Start of Block
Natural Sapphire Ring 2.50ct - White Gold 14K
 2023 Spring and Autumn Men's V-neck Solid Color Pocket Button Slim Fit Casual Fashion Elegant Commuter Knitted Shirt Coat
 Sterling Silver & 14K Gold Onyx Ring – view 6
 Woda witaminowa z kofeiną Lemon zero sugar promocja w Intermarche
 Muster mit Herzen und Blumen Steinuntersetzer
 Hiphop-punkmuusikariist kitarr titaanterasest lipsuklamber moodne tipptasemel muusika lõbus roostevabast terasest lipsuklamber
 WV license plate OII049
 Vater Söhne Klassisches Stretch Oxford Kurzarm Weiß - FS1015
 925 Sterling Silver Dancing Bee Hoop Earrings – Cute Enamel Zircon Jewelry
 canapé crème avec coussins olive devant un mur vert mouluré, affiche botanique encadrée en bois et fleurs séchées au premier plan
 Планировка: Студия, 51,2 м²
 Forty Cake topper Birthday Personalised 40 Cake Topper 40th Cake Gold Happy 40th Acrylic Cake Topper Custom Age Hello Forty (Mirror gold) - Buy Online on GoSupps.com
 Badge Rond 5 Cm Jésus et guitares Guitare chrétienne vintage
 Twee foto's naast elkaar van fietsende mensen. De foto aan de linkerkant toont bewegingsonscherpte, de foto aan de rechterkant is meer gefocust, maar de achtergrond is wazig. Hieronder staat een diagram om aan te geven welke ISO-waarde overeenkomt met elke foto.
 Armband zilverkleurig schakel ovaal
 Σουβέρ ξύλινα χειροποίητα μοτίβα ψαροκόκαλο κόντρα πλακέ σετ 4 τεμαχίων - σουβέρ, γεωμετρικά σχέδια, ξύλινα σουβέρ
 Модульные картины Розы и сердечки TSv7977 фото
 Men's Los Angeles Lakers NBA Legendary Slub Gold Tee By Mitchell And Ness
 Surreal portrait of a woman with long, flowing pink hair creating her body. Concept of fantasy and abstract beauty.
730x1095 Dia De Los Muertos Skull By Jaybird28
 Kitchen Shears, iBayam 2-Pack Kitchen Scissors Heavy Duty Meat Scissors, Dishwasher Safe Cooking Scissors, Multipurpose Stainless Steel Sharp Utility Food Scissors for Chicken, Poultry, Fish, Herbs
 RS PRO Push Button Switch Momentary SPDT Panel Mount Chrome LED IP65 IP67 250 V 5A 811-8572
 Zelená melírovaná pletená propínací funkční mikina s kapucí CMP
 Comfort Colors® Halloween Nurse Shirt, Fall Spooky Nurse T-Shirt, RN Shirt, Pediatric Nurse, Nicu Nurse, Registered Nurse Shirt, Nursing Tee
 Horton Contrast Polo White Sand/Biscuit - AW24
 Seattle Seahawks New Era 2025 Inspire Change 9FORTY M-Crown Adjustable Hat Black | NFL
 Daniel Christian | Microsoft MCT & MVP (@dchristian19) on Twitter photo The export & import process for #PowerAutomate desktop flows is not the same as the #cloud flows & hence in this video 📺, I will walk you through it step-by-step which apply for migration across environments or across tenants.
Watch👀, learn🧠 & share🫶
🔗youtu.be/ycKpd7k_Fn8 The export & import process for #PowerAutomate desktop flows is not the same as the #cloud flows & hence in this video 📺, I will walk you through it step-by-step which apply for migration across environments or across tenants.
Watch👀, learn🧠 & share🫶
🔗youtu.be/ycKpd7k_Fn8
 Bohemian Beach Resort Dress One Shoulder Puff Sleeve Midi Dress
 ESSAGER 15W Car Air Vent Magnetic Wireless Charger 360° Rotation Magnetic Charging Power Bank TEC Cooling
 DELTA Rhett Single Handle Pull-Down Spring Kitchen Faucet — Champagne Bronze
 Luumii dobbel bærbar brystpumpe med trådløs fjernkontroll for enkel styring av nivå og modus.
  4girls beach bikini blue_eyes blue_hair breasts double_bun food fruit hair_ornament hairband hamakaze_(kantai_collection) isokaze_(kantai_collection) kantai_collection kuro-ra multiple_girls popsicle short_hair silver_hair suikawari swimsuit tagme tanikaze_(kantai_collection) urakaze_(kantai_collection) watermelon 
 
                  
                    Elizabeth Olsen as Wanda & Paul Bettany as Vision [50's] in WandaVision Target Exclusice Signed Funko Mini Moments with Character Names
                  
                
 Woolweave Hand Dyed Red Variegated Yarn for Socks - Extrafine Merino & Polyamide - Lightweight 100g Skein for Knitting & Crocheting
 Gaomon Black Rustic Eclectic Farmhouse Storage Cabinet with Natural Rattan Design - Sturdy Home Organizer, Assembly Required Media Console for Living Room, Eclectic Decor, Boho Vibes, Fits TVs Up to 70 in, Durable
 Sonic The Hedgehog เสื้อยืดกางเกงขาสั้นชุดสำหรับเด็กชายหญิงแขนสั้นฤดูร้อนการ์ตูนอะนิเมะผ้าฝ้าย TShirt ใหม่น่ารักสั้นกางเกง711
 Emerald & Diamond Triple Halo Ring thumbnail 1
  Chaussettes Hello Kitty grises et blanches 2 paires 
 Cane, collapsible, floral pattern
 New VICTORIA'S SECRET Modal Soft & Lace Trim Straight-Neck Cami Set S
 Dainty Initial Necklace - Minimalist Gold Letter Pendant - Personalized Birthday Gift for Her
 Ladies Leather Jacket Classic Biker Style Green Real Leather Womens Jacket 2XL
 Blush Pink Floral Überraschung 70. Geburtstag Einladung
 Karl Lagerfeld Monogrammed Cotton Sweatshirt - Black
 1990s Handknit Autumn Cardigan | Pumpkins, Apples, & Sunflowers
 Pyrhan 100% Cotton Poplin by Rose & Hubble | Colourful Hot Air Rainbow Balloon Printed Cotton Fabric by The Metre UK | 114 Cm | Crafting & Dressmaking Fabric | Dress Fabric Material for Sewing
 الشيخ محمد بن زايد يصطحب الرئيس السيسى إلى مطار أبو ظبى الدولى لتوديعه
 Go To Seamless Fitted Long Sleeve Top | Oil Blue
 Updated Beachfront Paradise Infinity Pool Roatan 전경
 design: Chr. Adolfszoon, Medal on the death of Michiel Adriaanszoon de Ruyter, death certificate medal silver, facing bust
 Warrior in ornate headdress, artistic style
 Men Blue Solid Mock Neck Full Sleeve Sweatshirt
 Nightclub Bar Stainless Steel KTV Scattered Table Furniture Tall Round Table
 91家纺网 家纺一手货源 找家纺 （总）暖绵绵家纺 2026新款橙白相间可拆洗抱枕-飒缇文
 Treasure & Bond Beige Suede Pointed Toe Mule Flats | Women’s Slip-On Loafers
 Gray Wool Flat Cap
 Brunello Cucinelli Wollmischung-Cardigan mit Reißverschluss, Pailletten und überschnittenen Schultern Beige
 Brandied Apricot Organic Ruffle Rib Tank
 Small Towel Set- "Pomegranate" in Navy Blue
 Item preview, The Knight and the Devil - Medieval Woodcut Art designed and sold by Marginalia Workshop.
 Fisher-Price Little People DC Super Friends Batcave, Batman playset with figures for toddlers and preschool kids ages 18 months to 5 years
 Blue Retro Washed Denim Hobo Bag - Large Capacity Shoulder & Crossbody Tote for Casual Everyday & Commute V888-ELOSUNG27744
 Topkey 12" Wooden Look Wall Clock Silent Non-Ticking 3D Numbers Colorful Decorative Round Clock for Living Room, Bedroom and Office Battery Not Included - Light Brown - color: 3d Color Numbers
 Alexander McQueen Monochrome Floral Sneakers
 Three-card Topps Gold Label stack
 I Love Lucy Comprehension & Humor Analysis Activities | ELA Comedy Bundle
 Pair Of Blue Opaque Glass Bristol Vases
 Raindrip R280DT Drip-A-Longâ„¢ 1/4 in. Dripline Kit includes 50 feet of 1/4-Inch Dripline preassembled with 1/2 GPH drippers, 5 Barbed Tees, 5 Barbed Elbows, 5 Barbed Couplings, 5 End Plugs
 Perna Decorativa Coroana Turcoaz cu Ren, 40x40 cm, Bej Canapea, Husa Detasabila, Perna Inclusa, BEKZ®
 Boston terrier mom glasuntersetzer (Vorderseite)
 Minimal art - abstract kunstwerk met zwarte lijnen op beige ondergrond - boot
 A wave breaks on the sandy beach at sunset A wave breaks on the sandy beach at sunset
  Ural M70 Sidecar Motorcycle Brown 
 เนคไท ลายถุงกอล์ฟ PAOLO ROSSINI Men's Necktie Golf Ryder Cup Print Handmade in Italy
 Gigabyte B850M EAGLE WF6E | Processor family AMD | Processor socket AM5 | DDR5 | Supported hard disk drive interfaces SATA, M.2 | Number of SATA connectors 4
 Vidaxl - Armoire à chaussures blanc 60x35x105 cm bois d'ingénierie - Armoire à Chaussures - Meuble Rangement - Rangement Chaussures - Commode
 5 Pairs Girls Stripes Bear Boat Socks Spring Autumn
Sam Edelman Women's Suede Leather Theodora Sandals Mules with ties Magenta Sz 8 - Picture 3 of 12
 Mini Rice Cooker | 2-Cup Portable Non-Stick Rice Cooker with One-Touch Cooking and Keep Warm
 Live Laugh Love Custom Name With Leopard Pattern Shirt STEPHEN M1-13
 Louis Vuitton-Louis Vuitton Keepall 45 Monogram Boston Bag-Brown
End of Block
• _Problem_
Copy all lines of the material above where the string "Cooking" occurs.

• _Finished exercise_
 Kitchen Shears, iBayam 2-Pack Kitchen Scissors Heavy Duty Meat Scissors, Dishwasher Safe Cooking Scissors, Multipurpose Stainless Steel Sharp Utility Food Scissors for Chicken, Poultry, Fish, Herbs
 Mini Rice Cooker | 2-Cup Portable Non-Stick Rice Cooker with One-Touch Cooking and Keep Warm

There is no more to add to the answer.